In this business book, Rebelo introduces readers to his “PeakStory” model for constructing personal narratives that convey important information about the writers while helping them to land a job, build a network, or attract a client. The guide explains the author’s trademarked “storypathing,” a framework for linking tales to the identity the teller wants to project. Rebelo writes that “by making sense of where you’ve been and where you’re headed, you can show that you have more engagement and more value wherever you land because your story aligns with who you are.” Subsequent chapters take readers through the steps of developing their own tales following the PeakStory model.

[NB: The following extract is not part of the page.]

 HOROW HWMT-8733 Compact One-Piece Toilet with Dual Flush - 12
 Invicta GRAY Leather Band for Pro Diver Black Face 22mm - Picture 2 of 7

Each chapter includes a conceptual explanation—much of the model is drawn from psychology research, and a substantial bibliography is included—examples of the technique in action, often drawn from Rebelo’s students, and a guided exercise to help readers implement each step of the process. One of the volume’s strengths is its emphasis on the different contexts in which PeakStory can be applied, particularly the author’s anecdotes about teaching formerly incarcerated people to use the technique to control the tales they tell about their imprisonment and their plans for the future. Rebelo also does a good job of walking readers through the process of fashioning their stories and showing how each element of the model relates to the others. Although the book is full of the author’s specialized jargon (self-event, blue-dot moments), the terms are fairly easy for uninitiated readers to pick up on. Still, Rebelo’s rhetorical style is not for everyone. His enthusiasm is evident in the text, which often feels like a pep talk from a hard-charging coach or a dynamic motivational speaker, but readers who prefer a more straightforward narrative may find the frequent statements of encouragement and assurances of success distracting. Nonetheless, the manual presents a persuasive case for the validity of the PeakStory model and makes it easy for readers to learn.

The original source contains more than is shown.